Le fait d’être ou non perçu.e comme blanc.he a des implications sur le vécu social des individus. Si l’on n’a pas conscience de ce qu’implique le fait d’être blanc.he dans notre société et des privilèges ou facilités que cela implique, on n’est pas en mesure de comprendre ce que cela implique de ne pas l’être (et en particulier le poids de cette charge raciale au quotidien et ses impacts en termes de santé). Pour en savoir plus, depuis avril 2020, un compte Instagram recense les témoignages et diffuse des articles pour expliquer le phénomène de charge raciale.
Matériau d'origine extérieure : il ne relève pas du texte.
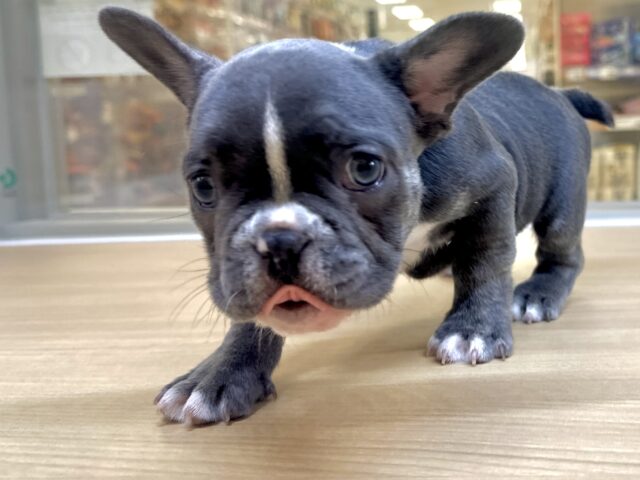 フレンチブルドッグ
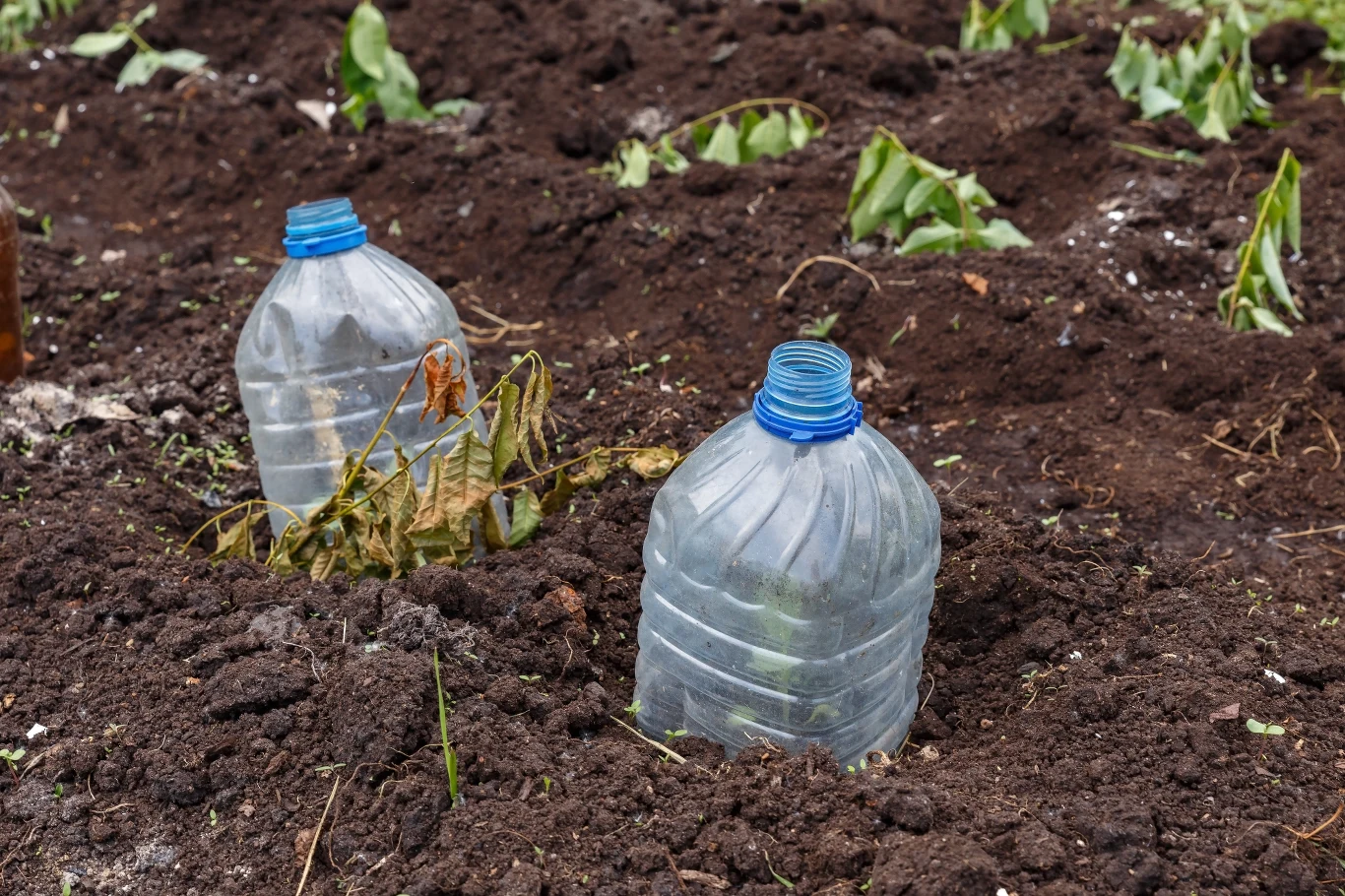 Kto by pomyślał, że podlewanie ogórków i innych warzyw w ogrodzie może być tak proste? Wystarczy wykorzystać stare, 10 litrowe baniaki z wodą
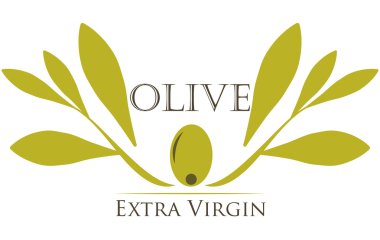 Zeytin yağı tasarımı 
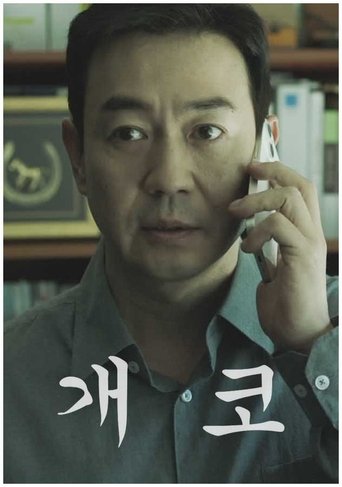 Poster of The Wild River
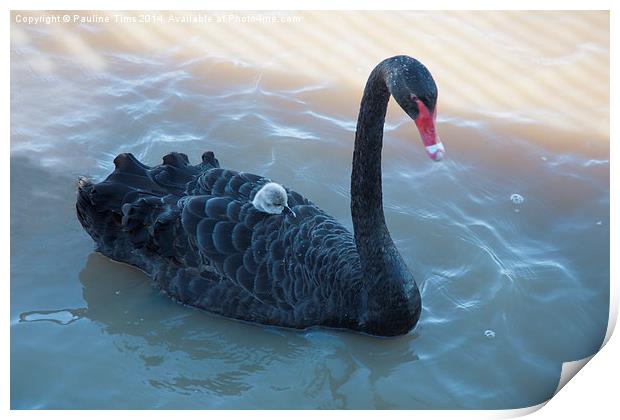  Black Swan and Cygnet Print by Pauline Tims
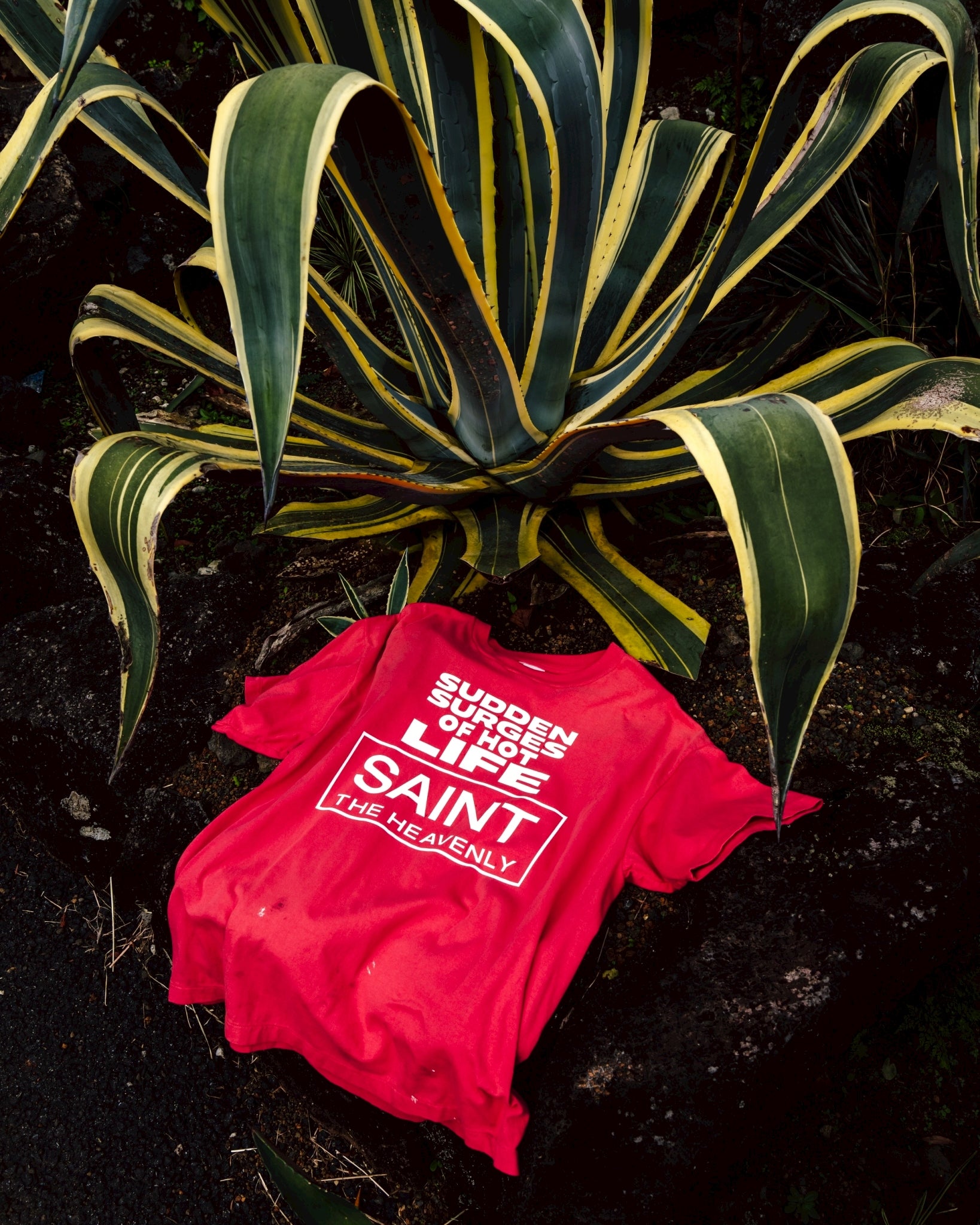 SAINT Mxxxxxx SS25 9th Drop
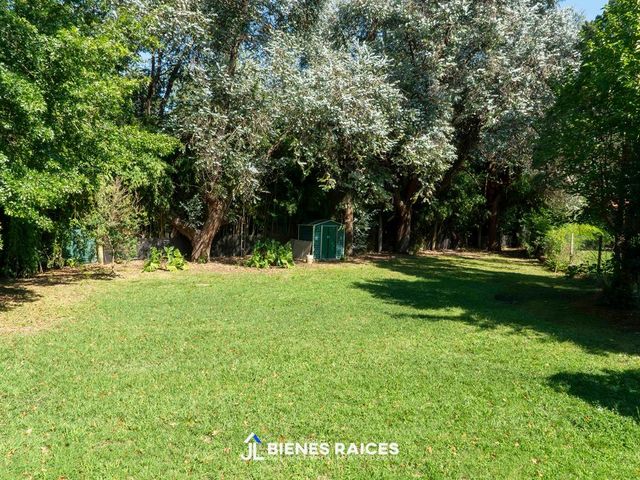 place photo 39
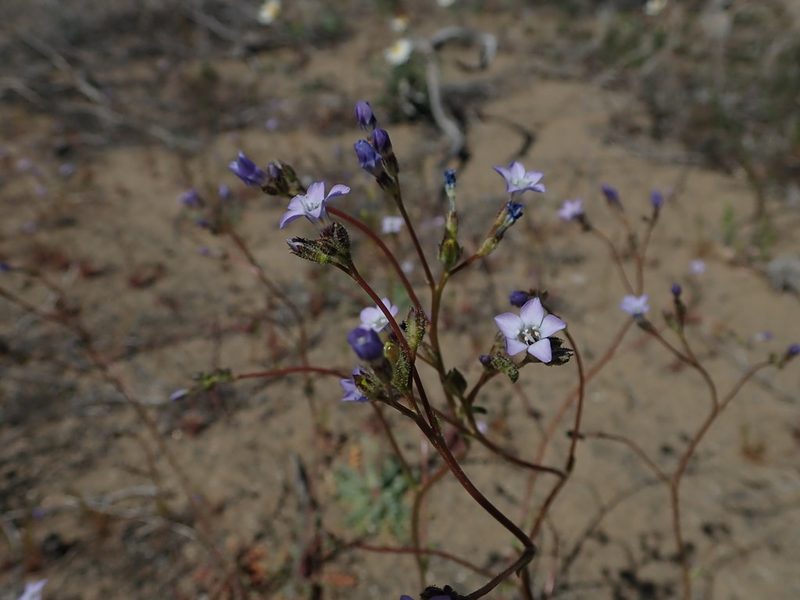 Gilia sinuata, photographed by Nolan Exe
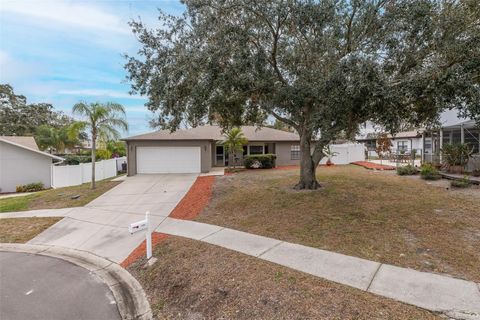 A home in PORT RICHEY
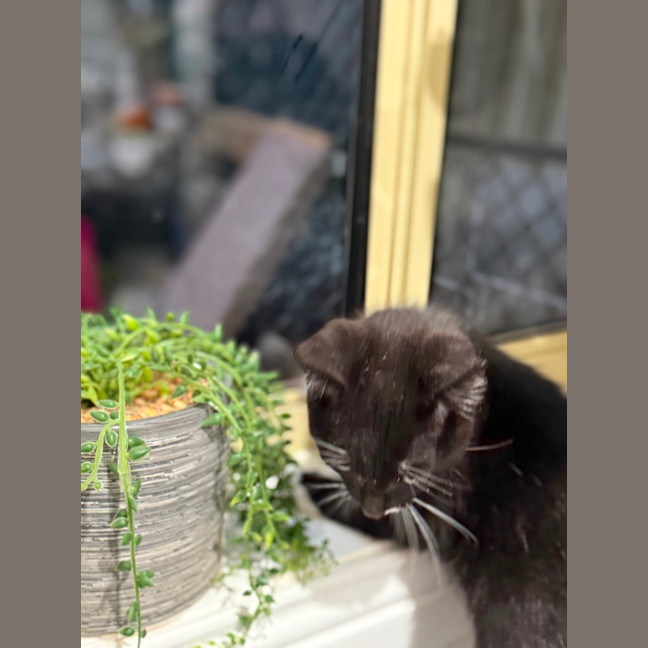 Photo of Jazz Boy 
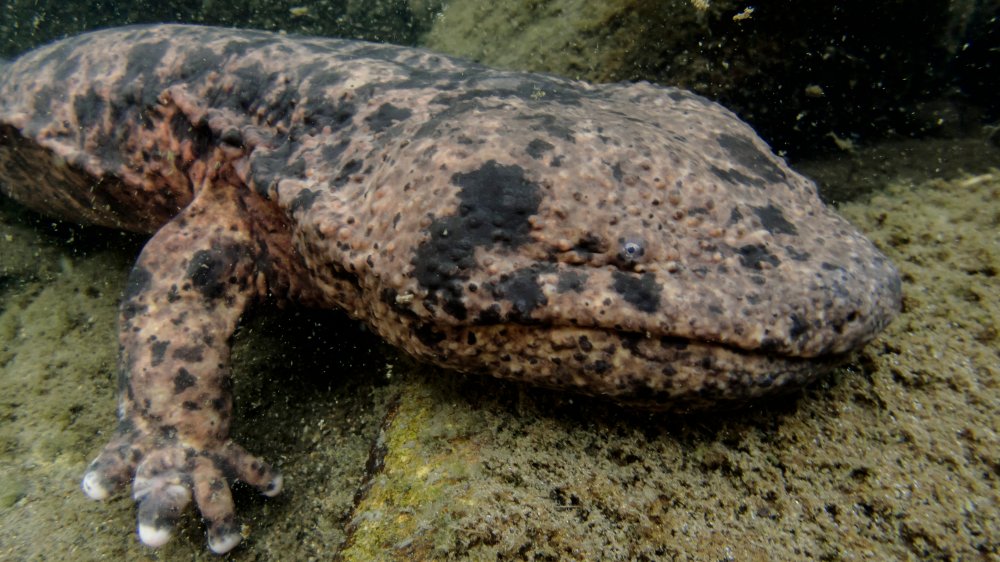 A Japanese giant salamander moves around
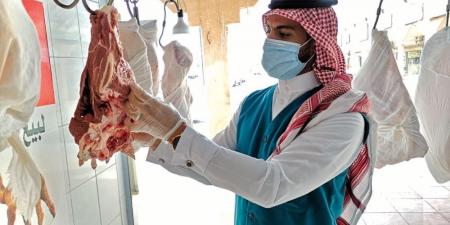 ختم
المسلخ
والتبريد
الإلزامي..
أبرز
ضوابط
محلات
اللحوم
الجديدة - تكنو بلس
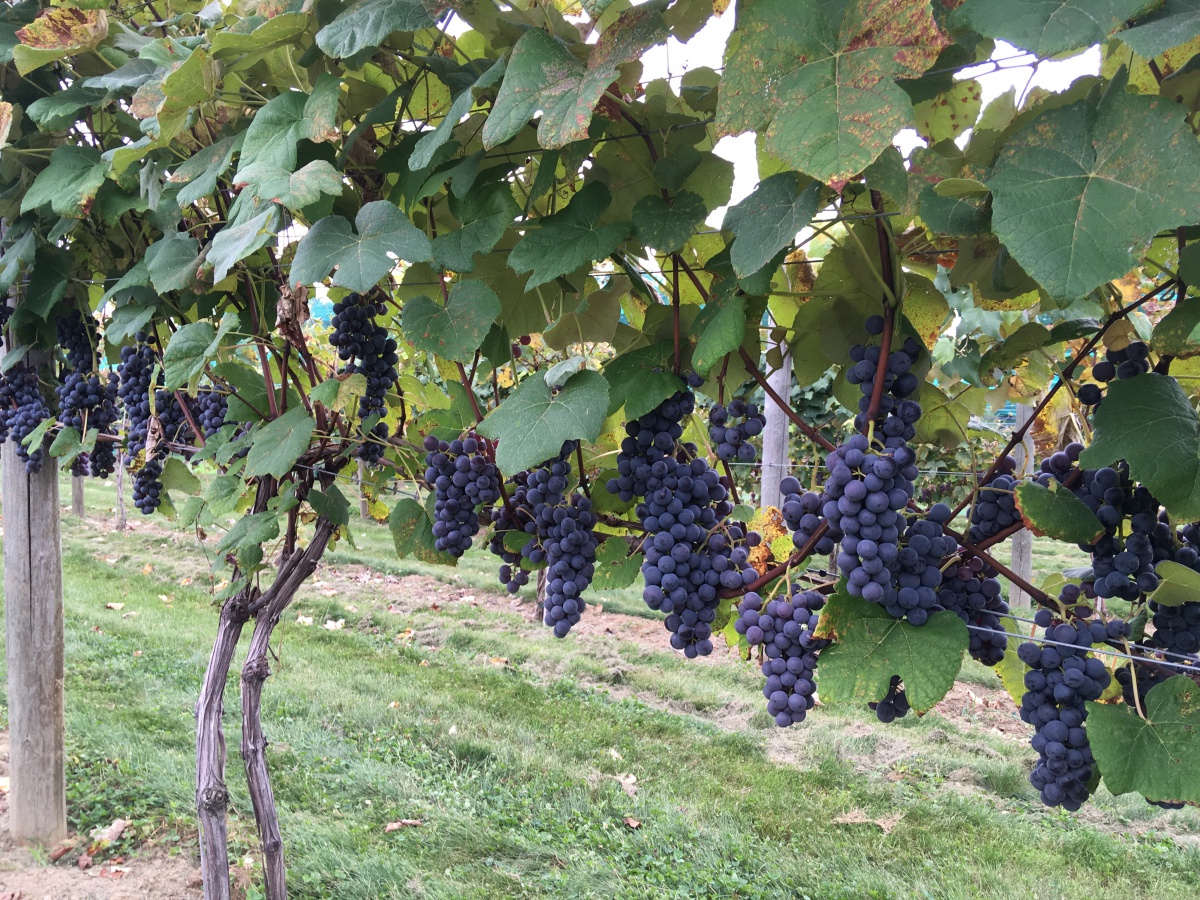 Growing Grapes in New Hampshire [fact sheet]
Dans cette situation précise, l’enseignante n’a pas conscience de ce qui se joue chez le jeune garçon : à ses yeux, il s’agit uniquement d’un enfant qui arrive en retard en classe. Il ne s’agit pas de remettre en question la mauvaise intention de la professeure mais bien d’insister sur un point particulier : dans notre société, nous n’avons pas la même expérience sociale selon que l’on soit perçu e comme blanc he ou pas. En ayant conscience de cela, l’enseignante pourra comprendre ce qu’il se passe et réagir d’une autre façon.